Ocurre ello repentinamente, luego de un largo período de gestación (consciente o no) y verdaderamente el descubrimiento nos colma de alegría, ya que (salvando las diferencias) nos alboroza como la llegada de un nuevo hijo.
Comprobamos así, en nosotros mismos, la capacidad de la mente humana, en el fantástico proceso de elaboración entre experiencias previas, información adquirida, intuición innata y algo de temeridad.
Al recibir un hijo no aspiramos a que se trate de un futuro Premio Nobel o un triunfador en Wimbledon. La alegría deviene de la toma de conciencia del continuo de la humanidad, con el inexorable recambio generacional, pero con la trascendencia de la vida.
Con la hipótesis ocurre algo similar. Casi no importa su futura relevancia; uno se halla convencido que ha contribuido con su mínimo aporte al caudal del conocimiento. Para el autor ”se non e vero…” y se siente muy contento.
Pero también es justo reconocer que muchos hemos tenido ocasión de observar seres de excepción que han desarrollado no una, sino ¡dos! ideas lo que nos llena de admiración y respeto hacia ellos. ¡Qué mentes brillantes!
Y ya como excepción, hemos observado a algún colega cuya trayectoria asombra y a quien nos enorgullece haber conocido. ¡Tres ideas tuvo en su vida! Seguramente hemos disfrutado del contacto o la proximidad de un genio.
Ahora bien, algún memorioso lector nos advertirá, de inmediato, de tal o cual persona o grupo de personas que han desarrollado decenas (¿acaso centenas?) de hipótesis ¡buena parte de ellas publicadas!
Aquí debiéramos hacer un alto para definir el concepto de idea o hipótesis; podemos plantear tres alternativas (puede haber otras) para ubicarnos frente al problema.
Una idea puede ser original, "dibujada" o copiada. Trataremos de establecer que se trata de muy diferentes alternativas, pero cuyos límites no siempre resultan de fácil detección.
Así como nadie es totalmente original porque la mente se nutre de antecedentes, muchas hipótesis no son más que una burda copia, astutamente pintarrajeada para agregarles “sex appeal”.
Un hecho histórico y concreto ayudará a distinguir. Recordemos las contribuciones respectivas de Norman Shummway y Chistian Barnard al trasplante cardíaco, y cuál fue la repercusión que cada uno obtuvo en el ámbito no médico ¡y hasta en numerosos colegas!

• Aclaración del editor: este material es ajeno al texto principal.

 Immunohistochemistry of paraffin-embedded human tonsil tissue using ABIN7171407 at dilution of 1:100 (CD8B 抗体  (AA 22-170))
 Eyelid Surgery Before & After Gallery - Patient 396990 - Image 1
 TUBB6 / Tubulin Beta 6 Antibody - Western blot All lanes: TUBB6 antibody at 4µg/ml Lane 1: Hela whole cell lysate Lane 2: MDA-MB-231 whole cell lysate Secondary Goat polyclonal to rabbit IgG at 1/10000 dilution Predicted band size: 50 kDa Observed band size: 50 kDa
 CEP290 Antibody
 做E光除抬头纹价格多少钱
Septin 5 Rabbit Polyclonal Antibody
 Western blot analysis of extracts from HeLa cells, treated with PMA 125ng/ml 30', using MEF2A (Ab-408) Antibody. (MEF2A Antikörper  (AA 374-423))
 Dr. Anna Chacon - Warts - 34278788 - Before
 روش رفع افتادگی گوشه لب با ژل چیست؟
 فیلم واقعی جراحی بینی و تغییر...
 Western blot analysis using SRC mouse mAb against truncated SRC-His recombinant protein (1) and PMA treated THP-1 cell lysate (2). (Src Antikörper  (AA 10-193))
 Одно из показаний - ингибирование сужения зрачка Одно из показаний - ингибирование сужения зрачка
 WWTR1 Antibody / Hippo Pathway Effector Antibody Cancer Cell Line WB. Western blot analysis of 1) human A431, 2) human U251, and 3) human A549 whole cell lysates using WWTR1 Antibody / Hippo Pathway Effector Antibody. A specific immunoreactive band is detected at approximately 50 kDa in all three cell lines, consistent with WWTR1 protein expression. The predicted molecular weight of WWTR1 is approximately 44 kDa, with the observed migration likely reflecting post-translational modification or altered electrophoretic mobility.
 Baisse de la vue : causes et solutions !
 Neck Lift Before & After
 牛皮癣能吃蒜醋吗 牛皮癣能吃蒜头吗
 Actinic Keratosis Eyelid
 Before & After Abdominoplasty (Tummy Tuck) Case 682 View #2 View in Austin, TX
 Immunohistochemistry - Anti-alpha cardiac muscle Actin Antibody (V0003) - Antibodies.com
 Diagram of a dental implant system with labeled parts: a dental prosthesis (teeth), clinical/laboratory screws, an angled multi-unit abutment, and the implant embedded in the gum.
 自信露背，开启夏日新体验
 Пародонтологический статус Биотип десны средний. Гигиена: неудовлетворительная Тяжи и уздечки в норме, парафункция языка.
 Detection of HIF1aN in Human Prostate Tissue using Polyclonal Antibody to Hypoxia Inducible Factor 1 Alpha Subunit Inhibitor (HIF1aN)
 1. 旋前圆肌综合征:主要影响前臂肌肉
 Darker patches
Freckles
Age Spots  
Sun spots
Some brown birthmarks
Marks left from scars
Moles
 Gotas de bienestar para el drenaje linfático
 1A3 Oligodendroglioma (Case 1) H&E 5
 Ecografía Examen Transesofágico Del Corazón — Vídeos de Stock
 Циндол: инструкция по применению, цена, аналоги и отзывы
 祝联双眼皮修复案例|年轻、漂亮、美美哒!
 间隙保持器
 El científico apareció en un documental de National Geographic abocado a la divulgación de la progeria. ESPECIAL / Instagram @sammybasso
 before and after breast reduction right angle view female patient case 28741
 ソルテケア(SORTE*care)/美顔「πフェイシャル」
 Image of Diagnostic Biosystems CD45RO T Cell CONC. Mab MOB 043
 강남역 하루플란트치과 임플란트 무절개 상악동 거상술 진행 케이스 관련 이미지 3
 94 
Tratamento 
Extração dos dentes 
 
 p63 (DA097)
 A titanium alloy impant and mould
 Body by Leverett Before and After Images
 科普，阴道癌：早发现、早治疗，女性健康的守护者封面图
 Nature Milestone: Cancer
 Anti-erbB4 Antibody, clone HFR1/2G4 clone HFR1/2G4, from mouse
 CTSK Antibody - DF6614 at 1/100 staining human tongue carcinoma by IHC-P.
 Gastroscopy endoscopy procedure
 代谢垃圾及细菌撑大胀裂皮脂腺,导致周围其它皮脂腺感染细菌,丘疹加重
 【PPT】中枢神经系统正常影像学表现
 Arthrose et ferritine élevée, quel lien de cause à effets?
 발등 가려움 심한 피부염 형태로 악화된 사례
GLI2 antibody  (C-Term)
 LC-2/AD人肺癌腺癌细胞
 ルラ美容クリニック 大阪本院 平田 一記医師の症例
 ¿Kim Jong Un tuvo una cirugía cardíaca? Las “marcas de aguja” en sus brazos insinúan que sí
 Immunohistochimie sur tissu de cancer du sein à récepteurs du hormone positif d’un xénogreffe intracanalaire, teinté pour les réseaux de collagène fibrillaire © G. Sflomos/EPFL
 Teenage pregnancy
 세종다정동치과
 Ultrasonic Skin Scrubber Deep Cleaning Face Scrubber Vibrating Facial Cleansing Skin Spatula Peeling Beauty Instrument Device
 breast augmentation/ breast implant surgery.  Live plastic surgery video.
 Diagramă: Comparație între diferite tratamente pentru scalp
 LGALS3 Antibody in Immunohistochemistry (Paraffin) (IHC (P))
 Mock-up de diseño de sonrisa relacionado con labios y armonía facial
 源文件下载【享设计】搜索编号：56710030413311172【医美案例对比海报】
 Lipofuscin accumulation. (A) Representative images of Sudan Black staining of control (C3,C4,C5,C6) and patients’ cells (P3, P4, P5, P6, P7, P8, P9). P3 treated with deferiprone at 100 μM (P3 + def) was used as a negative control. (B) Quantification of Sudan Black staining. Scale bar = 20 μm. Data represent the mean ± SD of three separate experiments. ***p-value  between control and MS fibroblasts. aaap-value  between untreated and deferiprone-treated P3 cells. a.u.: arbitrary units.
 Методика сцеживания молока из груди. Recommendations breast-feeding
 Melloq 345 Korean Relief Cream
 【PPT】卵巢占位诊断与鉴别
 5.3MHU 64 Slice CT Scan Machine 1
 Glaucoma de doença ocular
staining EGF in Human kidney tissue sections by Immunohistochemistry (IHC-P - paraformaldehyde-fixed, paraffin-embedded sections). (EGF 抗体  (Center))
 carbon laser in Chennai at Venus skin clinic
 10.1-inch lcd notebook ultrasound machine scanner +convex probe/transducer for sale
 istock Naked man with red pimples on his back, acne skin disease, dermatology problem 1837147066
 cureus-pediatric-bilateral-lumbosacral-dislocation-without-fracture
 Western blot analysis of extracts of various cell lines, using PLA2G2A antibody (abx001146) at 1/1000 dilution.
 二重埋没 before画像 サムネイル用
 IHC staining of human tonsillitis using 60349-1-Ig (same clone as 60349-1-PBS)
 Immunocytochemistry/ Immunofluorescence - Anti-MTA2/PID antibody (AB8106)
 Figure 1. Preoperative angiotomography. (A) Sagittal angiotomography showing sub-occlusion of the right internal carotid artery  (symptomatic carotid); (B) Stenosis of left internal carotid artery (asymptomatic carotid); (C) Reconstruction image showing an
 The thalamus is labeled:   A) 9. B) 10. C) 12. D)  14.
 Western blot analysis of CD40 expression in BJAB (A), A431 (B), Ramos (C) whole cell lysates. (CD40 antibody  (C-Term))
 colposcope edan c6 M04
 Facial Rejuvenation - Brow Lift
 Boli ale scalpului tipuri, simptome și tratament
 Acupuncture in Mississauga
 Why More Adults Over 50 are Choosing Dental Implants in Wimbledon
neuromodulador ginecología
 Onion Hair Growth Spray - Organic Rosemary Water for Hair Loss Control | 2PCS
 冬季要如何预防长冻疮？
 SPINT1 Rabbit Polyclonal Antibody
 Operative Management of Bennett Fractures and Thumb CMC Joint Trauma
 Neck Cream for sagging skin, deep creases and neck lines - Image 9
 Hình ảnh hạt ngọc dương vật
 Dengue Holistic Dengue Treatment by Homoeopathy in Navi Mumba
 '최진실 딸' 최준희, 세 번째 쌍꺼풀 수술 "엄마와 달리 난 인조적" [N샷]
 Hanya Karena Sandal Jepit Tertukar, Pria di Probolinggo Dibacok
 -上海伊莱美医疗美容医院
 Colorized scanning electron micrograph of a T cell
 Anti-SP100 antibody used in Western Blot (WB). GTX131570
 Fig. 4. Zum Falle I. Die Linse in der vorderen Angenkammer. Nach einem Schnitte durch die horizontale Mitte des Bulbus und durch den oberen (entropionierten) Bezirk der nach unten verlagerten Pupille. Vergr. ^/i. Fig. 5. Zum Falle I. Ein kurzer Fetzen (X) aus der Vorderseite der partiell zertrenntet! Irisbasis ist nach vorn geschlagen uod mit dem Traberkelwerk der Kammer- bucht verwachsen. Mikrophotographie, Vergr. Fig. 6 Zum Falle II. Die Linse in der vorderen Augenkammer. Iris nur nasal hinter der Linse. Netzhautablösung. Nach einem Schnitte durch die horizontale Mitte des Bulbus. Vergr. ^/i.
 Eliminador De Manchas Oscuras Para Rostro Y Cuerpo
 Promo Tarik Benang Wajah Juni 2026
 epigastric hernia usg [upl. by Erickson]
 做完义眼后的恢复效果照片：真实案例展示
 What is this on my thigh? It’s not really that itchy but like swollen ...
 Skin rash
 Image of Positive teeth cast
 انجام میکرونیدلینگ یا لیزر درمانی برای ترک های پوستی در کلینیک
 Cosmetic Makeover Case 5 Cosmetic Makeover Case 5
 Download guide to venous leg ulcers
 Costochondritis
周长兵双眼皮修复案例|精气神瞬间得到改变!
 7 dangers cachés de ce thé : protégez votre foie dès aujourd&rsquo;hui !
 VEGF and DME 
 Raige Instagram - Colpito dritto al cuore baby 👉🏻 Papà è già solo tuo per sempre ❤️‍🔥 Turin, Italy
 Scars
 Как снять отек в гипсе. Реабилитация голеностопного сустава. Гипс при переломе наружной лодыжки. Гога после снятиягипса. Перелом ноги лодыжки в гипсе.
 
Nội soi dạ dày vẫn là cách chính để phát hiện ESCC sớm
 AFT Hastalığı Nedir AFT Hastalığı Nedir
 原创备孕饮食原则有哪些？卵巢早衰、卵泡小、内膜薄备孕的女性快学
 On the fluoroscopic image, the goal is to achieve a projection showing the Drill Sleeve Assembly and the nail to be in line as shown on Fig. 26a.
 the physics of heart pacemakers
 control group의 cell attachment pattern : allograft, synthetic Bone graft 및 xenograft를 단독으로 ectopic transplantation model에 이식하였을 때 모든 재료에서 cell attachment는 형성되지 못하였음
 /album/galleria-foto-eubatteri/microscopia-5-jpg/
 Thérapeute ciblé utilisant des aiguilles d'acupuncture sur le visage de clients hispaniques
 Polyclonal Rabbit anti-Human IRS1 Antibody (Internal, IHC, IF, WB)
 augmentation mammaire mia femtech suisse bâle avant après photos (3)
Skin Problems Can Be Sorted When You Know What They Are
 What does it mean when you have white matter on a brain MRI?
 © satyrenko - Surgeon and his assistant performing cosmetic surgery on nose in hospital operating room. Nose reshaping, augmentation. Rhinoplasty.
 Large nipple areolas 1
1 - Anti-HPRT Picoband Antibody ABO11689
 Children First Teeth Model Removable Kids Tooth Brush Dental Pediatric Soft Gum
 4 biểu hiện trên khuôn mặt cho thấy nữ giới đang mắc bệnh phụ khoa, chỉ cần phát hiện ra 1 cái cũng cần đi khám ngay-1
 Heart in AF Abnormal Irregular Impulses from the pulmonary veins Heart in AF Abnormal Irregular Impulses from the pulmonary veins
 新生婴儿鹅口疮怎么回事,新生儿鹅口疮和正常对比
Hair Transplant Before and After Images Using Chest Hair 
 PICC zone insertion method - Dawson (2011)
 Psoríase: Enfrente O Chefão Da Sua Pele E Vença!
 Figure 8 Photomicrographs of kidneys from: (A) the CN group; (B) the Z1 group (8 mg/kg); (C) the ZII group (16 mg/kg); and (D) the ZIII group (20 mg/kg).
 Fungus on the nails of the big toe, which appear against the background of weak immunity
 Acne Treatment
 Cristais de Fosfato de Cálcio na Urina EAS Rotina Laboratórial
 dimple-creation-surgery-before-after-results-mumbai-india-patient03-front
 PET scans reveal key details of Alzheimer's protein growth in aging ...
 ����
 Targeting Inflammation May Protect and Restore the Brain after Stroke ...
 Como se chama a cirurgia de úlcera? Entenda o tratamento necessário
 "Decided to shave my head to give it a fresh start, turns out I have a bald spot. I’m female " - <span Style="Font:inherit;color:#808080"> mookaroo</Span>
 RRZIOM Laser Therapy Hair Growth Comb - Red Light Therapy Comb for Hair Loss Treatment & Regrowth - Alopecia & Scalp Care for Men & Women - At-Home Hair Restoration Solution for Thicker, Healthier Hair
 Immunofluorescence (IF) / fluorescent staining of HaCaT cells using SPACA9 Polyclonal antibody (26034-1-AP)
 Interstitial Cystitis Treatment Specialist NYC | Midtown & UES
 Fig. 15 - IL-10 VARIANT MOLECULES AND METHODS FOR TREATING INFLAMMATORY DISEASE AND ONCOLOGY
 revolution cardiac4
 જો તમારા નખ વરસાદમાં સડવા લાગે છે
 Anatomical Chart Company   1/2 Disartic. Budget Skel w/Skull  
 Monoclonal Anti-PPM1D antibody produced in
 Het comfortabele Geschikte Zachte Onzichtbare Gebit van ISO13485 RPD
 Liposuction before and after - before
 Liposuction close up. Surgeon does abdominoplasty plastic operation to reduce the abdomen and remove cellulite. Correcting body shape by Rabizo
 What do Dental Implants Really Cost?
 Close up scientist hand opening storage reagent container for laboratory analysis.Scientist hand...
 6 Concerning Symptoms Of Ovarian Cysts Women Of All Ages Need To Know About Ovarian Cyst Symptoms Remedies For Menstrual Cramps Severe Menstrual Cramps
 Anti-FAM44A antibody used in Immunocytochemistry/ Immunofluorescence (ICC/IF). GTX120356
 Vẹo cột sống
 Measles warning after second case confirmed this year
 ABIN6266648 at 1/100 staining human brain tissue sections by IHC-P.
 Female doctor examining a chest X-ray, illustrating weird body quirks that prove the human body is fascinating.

Muchos casos constituyen un claro y triste ejemplo de la transgresión de pautas éticas en beneficio de intereses personales.
Pasemos ahora a distinguir entre una hipótesis original y otra "dibujada". Esta diferencia es más difícil de definir con palabras, porque los mecanismos a menudo se entrecruzan.
Aquí podríamos recurrir a otra imagen. No es lo mismo ser madre que niñera. Ambas pueden compartir el placer de la crianza de un niño, pero sólo la madre comprenderá el mensaje Divino de la creación.
Sólo la mente de cada investigador sabe si actuó como madre o niñera, pero los que accedemos a sus trabajos, a menudo podremos intuir la diferencia… y valorarlos en consecuencia.
Pero no cabe duda de que, cualquiera sea el origen de la idea, quien la desarrolla debe inexorablemente seguir los pasos necesarios que culminan, luego de la experimentación básica, con los diversos niveles de estudios clínicos, la debida protección del paciente y la comunicación entre pares.
Ninguna de estas etapas se puede obviar. Y lo que es aún más importante, la información resultante jamás debería tener difusión popular previa al imprescindible consenso entre los cardiólogos.
Obviamente esta reflexión no está dirigida a sentar normas (que ya existen) sino a exhortar a respetarlas. En ese sentido la Cardiología Argentina, a través de sus autoridades, dispone de mecanismos idóneos de control.
Mientras tanto nosotros, los médicos, podemos entretenernos en distinguir lo original de lo copiado o "dibujado", y seguir honrando como se merece a quien es capaz de tener una idea y desarrollarla como corresponde.